Exactly the lines from the one containing "Las impactantes imágenes" through the end of the data, and nothing more, should be retyped; pictures stay out.
══ Material provided ══
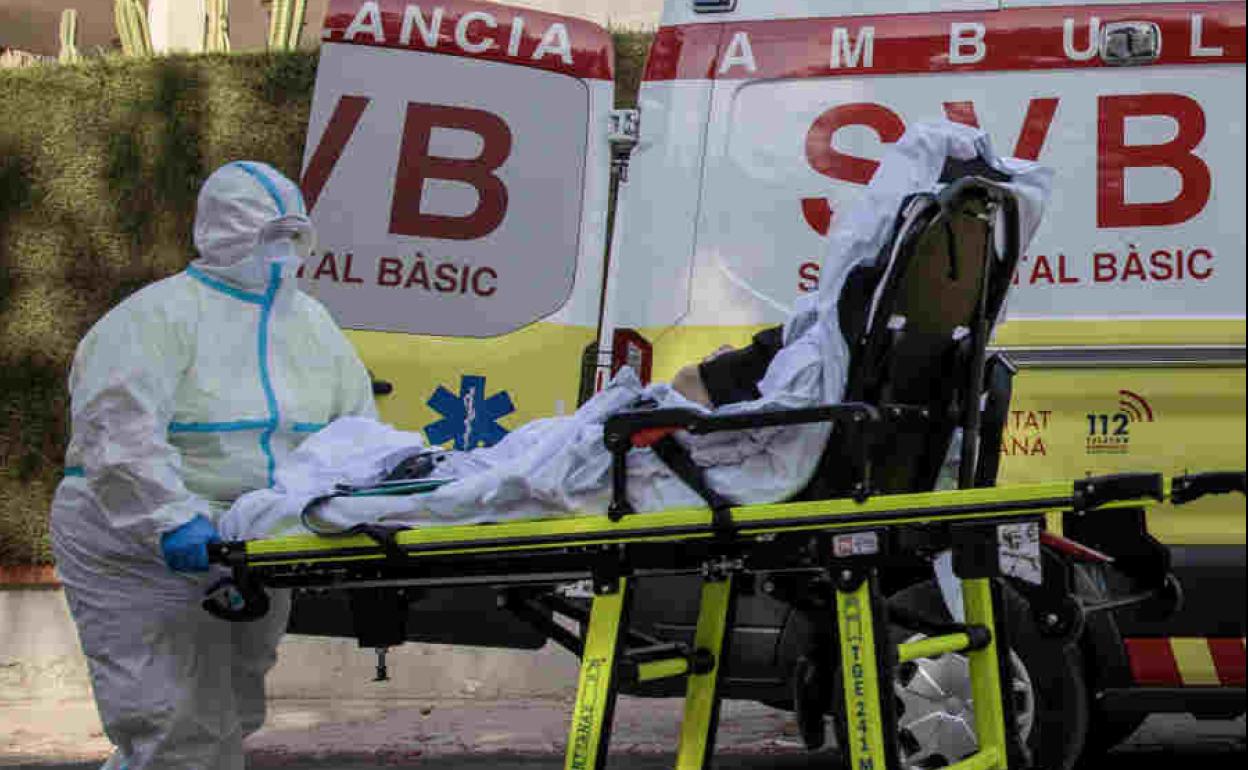 Transporte de enfermos durante la pandemia del coronavirus.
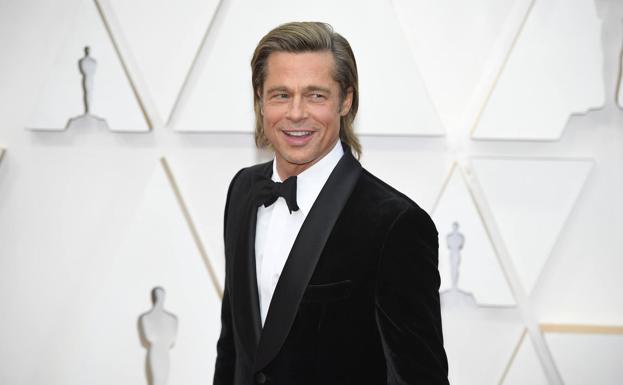 Las impactantes imágenes de Brad Pitt saliendo de un centro clínico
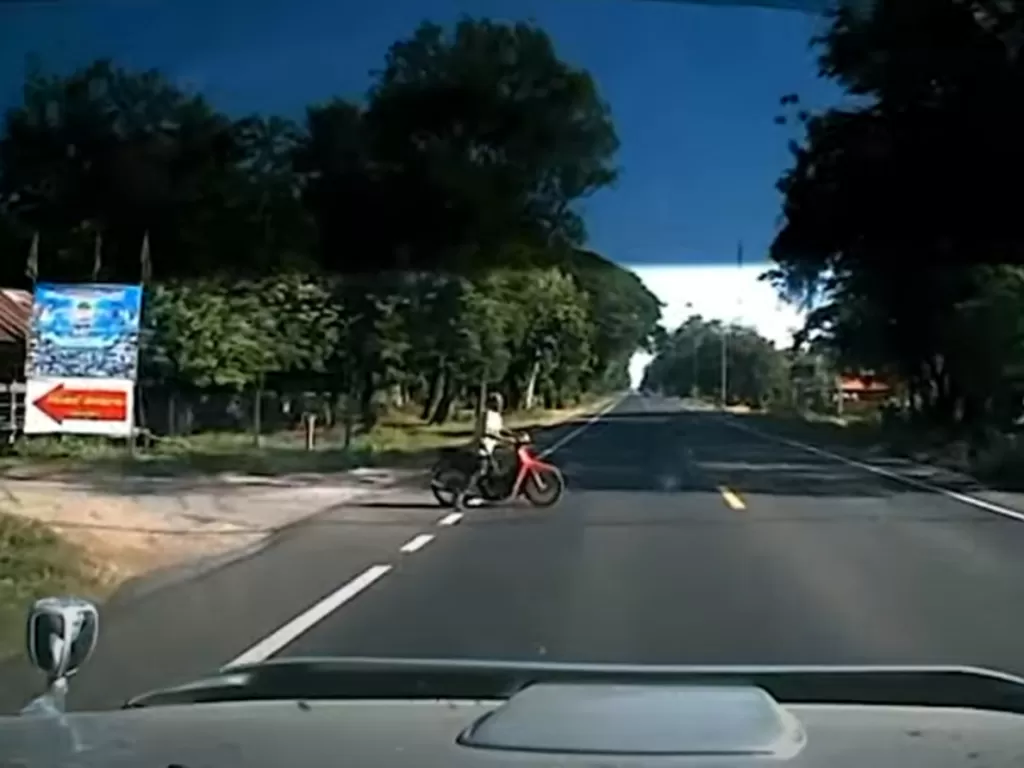 Pengendara sepeda motor nyeberang tanpa lihat kanan kiri (YouTube/Viral Press)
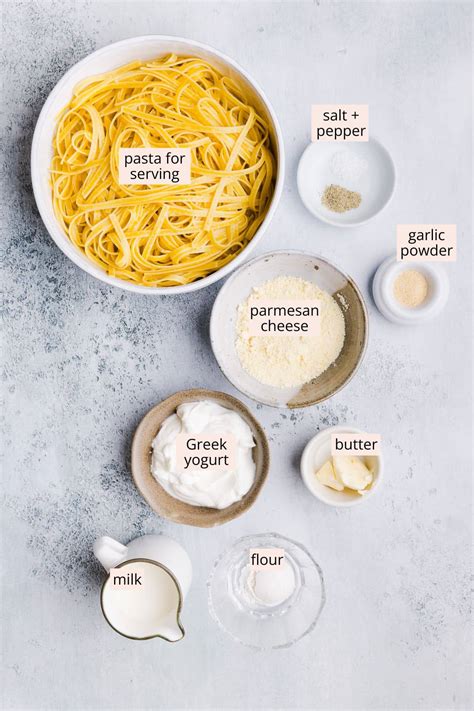 Creamy Greek Yogurt Alfredo Sauce (High Protein) - The Balanced ...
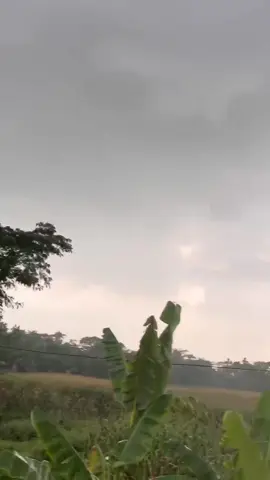 🙂🌧️#viraltiktok #viwesproblem #foryoupageofficiall #foryoupage❤️❤️ #bangladesh🇧🇩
═══
Result of this exercise:
 Las impactantes imágenes de Brad Pitt saliendo de un centro clínico
 Pengendara sepeda motor nyeberang tanpa lihat kanan kiri (YouTube/Viral Press)
 Creamy Greek Yogurt Alfredo Sauce (High Protein) - The Balanced ...
 🙂🌧️#viraltiktok #viwesproblem #foryoupageofficiall #foryoupage❤️❤️ #bangladesh🇧🇩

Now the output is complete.